**WORK INSTRUCTION:**
Everything in the listing below needs restating exactly, apart from the pictures.

**SUPPLIED MATERIAL:**
──────────

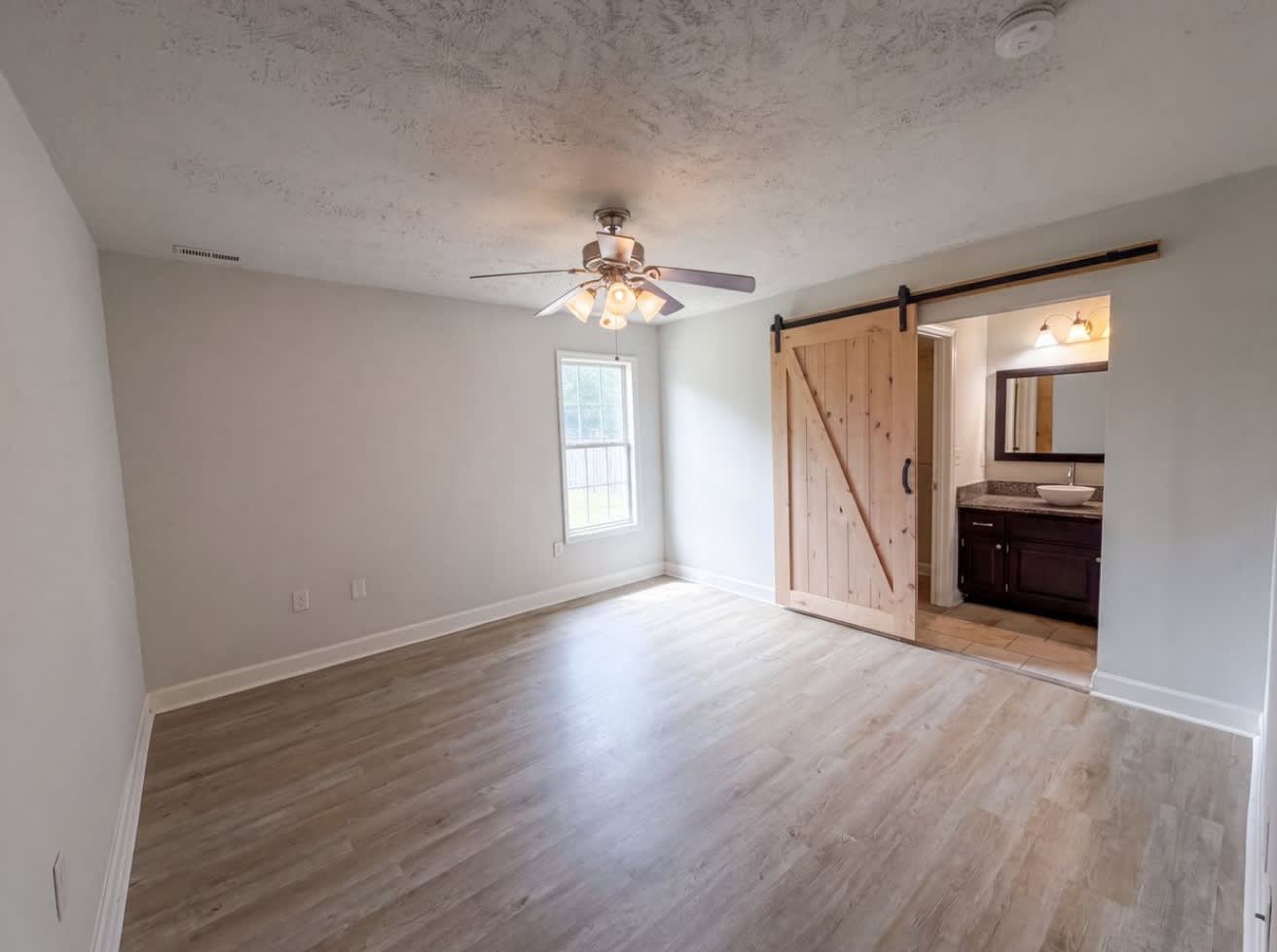 444 Northwoods Dr – photo 4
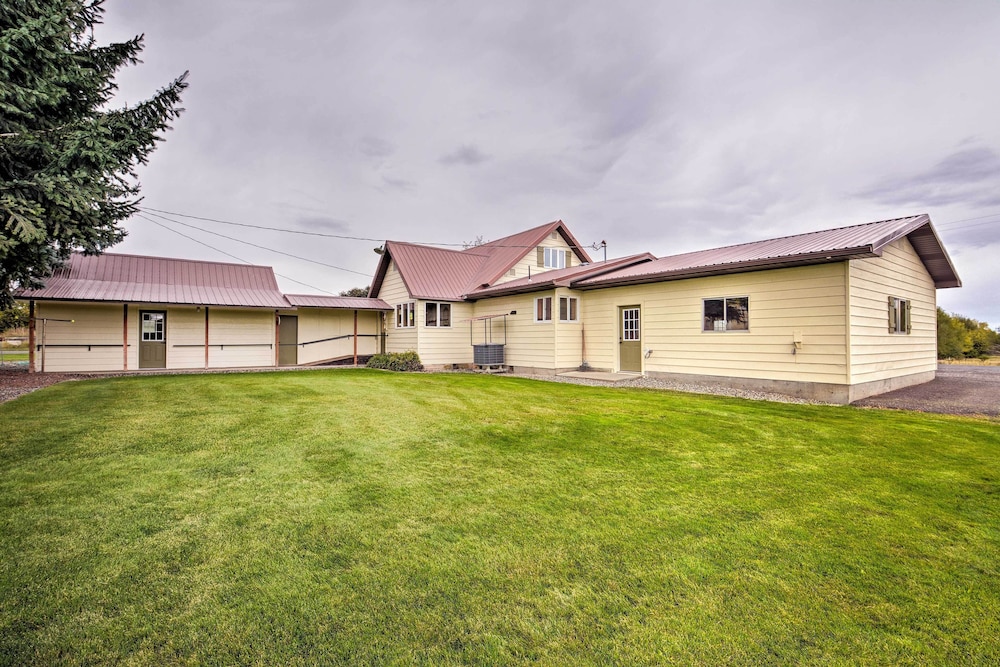 Farmhouse in Country Setting Near Gravity Hill view 5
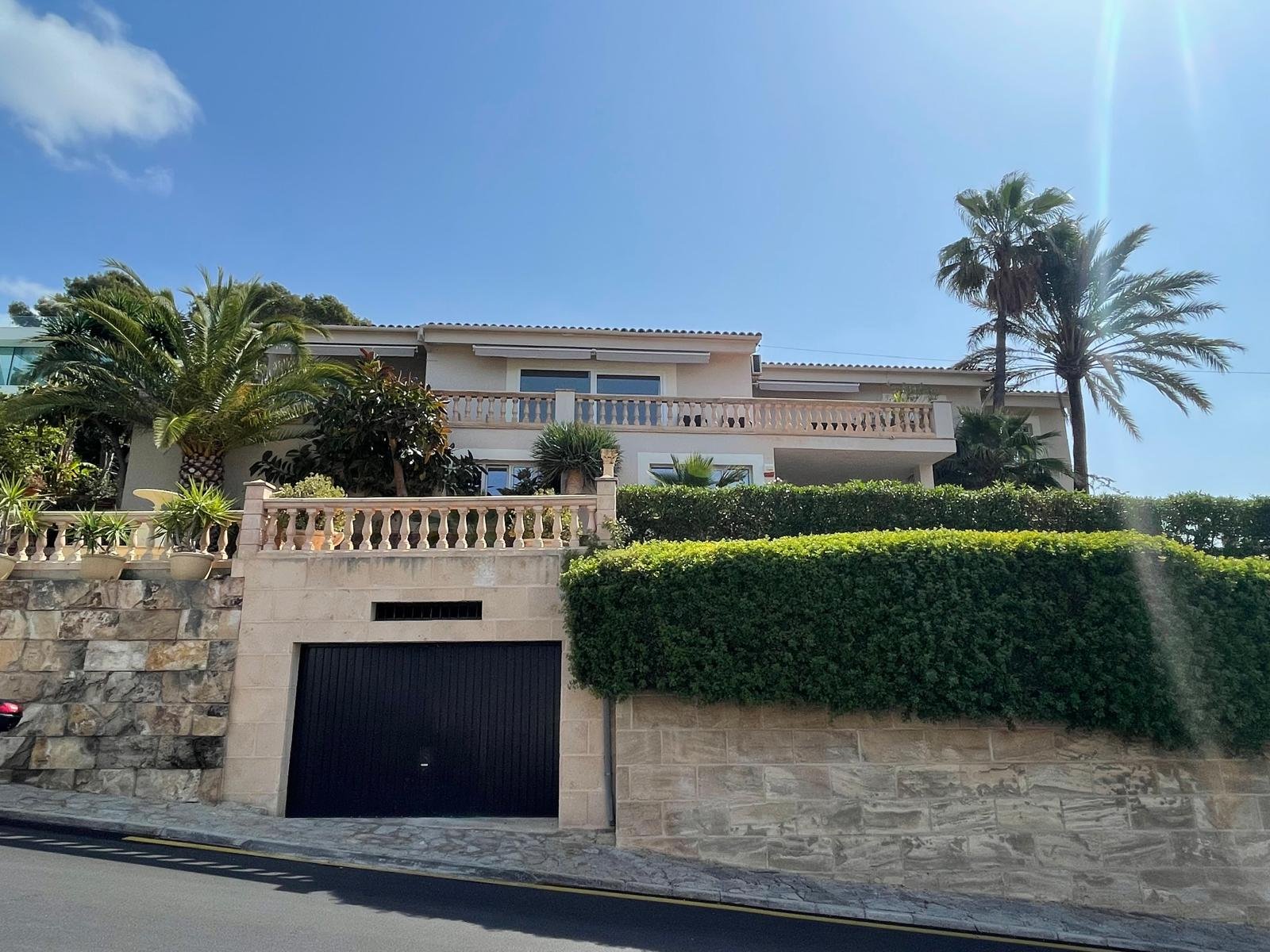 Contemporary Villa with Sea Views and Timeless Elegance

──────────

**TASK RESPONSE:**
 444 Northwoods Dr – photo 4
 Farmhouse in Country Setting Near Gravity Hill view 5
 Contemporary Villa with Sea Views and Timeless Elegance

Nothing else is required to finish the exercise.